The SQL Server transport can take advantage of native delayed delivery without the need to run the timeout manager. Instead, the transport creates dedicated infrastructure which delays messages using native SQL Server transport features.
When a message delay time lapses, SQL Server transport moves a batch of messages to the destination queue. Note that this means the exact time of delivering a delayed message is always an approximation.
From version 5 of the transport, native delayed delivery is always enabled.
The settings described in this section have default values as shown in the snippets. The settings can be fine-tuned to fit a particular system's needs, e.g. messages are checked for expiration more frequently resulting in more accurate delivery times.

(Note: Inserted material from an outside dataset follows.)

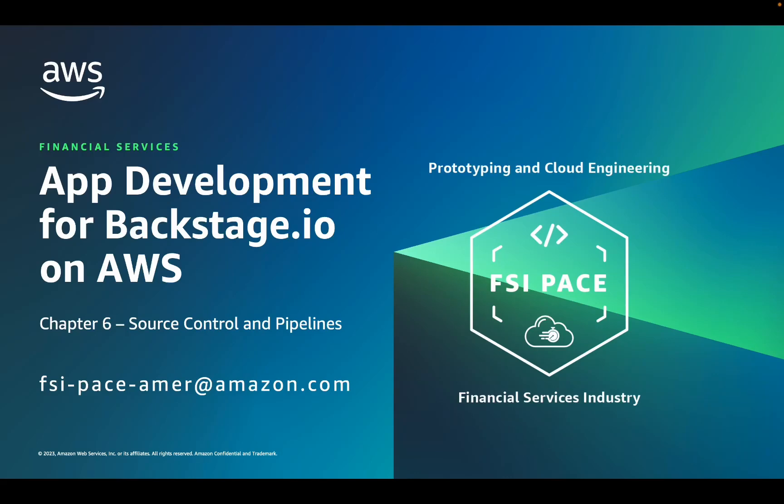Hi, my name is Anthony Watson. I'm a prototype architect at AWS and I'm here today to talk about application development for Backstage.io on AWS. This is chapter 6, source control and pipelines.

Delayed messages are stored in a dedicated table named
endpoint-name.. The suffix is set to
Delayed by default, but can be overwritten using:
transport.DelayedDelivery.TableSuffix = "Delayed";
The SQL Server transport processes delayed messages in batches. Each time the transport queries for messages, it will use the batch size setting to limit the number of messages to be processed. This batch size is set to 100 by default, but can be configured using:
transport.DelayedDelivery.BatchSize = 100;
When upgrading to a version of the transport that supports native delayed delivery, it is safe to run a set of endpoints that include both endpoints using native delayed delivery as well as the timeout manager:
- Endpoints with native delayed delivery can send delayed messages to endpoints using the timeout manager.
- Endpoints with native delayed delivery can continue to receive delayed messages from endpoints using timeout manager.